As the Sea to Sky Highway winds between the Cayoosh Pass, Lillooet, and Hat Creek, it passes through the most notably varied terrain of its entire length. Transitions between the other biogeoclimatic zones are more subtle. Here the change from coastal temperate zone to aridity occurs abruptly. Much of this area lies in the rain shadow of the Coast and Cascade Mountains. By the time the last moisture in the clouds has been raked off by the peaks around Cayoosh Pass, there’s little left to water the countryside to the east. Ponderosa pine and sage take over from western hemlock and devil’s club.
The Sunshine Coast
The world’s longest highway, the Pan-American (also named Highway 101 in parts of the United States and Canada), stretches 9,312 miles (15020 km) from Castro on Chile’s south coast to Lund on BC’s Sunshine Coast. The 87-mile (139-km) stretch of Highway 101 between Langdale and Lund outperforms its size. Dozens of parks with biking, hiking, and ski trails; canoe and kayak routes; beaches; and coastal viewpoints are easily reached from the highway. Campsites are plentiful, and except in July and August and on long weekends from May to September, you won’t have any difficulty in finding a place to pitch your tent or park your RV.
The Sunshine Coast lives up to its name. With an annual total of between 1,400 and 2,400 hours of sunshine – that’s an average of 4 to 6 hours per day, depending on where the measurements are taken – bright days outnumber gloomy ones by a wide margin.
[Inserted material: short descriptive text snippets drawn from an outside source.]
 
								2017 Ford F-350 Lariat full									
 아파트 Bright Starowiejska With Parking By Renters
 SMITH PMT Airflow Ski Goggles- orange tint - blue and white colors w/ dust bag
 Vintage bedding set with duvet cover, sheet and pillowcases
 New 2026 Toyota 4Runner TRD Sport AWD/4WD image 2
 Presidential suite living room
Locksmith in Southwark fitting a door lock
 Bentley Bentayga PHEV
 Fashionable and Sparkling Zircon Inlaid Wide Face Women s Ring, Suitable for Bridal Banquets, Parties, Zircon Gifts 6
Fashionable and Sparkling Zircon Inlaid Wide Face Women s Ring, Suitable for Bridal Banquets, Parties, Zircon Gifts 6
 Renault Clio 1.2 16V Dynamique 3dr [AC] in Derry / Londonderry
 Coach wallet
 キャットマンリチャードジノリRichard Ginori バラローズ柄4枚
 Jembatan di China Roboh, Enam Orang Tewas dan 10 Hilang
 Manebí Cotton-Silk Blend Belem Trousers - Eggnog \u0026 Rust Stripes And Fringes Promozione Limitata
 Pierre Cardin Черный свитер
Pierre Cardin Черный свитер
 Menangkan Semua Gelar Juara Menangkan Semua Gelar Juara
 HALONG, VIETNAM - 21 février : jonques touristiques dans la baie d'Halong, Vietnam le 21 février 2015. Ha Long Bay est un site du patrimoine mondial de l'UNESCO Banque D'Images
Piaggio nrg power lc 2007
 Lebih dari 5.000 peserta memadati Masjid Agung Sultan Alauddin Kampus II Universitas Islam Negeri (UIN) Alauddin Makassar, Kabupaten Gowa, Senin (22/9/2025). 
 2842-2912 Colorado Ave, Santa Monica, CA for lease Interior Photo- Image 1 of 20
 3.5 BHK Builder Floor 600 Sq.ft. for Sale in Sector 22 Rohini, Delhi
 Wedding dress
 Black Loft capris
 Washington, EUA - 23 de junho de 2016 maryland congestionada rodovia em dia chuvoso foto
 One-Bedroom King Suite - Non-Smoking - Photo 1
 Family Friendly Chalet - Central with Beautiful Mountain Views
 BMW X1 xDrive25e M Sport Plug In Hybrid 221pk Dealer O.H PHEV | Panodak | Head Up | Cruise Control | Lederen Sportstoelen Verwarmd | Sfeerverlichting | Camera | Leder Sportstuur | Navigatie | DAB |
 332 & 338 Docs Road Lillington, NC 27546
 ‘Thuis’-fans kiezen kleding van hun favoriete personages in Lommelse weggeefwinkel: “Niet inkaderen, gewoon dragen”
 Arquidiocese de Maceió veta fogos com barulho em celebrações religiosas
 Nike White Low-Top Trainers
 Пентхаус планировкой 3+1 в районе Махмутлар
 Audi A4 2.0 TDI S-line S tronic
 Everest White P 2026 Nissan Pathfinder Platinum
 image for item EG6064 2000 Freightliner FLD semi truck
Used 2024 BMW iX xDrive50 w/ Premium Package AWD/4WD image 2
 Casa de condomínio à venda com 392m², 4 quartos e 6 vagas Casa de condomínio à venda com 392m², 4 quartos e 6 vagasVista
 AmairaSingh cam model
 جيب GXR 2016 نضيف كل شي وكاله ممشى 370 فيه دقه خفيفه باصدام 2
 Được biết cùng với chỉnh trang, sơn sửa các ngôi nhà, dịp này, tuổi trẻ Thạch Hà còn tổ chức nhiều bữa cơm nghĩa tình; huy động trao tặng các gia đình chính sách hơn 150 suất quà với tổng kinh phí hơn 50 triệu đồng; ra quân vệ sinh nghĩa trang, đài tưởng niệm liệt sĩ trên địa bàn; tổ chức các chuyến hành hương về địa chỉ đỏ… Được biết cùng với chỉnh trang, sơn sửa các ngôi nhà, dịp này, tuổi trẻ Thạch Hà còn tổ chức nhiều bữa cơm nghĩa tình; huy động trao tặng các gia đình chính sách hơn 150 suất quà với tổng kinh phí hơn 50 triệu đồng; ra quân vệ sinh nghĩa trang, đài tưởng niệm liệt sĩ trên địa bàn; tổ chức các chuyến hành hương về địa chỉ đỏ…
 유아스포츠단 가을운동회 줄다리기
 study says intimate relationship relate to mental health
The Sunshine Coast benefits from a rain shadow cast by the Vancouver Island mountains, which catch most of the moisture coming in off the Pacific Ocean. In winter, clouds regroup in the Coast Mountains to the east of the Sunshine Coast and provide sufficient precipitation in the form of snow to coat trails for cross-country skiing. The remainder of the year it falls as rain, British Columbia’s ‘liquid sunshine,’ which nourishes the temperate rain forest.
The Sunshine Coast is split into two portions on either side of Jervis Inlet. Roughly speaking, the southern half between the ferry slips at Langdale and Earls Cove occupies the Sechelt Peninsula, while the northern half between the ferry slip at Saltery Bay and Lund sits on the Malaspina Peninsula. The coastline is deeply indented by the Pacific Ocean at Howe Sound, Jervis Inlet, and Desolation Sound. Jervis and Desolation are of such fjordic proportions that they attract a steady stream of marine traffic throughout the summer months, when brilliant sun shines on the countless cataracts that cascade down the sheer-sided slopes. Come moodier months, the clouds become ensnared in the snaggle-toothed peaks, making you feel just as pleased to stick to the sunnier coastline.